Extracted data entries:
──────────────────────────────
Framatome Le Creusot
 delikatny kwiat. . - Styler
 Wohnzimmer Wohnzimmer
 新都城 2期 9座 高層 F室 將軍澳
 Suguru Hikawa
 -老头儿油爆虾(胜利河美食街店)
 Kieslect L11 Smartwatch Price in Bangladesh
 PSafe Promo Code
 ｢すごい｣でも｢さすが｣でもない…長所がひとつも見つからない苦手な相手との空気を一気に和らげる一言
──────────────────────────────
Output nothing but the lines from the one containing "新都城 2期 9座 高層 F室 將軍澳" through the last line of the data, exactly as they stand.

**ANSWER SPACE:**
 新都城 2期 9座 高層 F室 將軍澳
 Suguru Hikawa
 -老头儿油爆虾(胜利河美食街店)
 Kieslect L11 Smartwatch Price in Bangladesh
 PSafe Promo Code
 ｢すごい｣でも｢さすが｣でもない…長所がひとつも見つからない苦手な相手との空気を一気に和らげる一言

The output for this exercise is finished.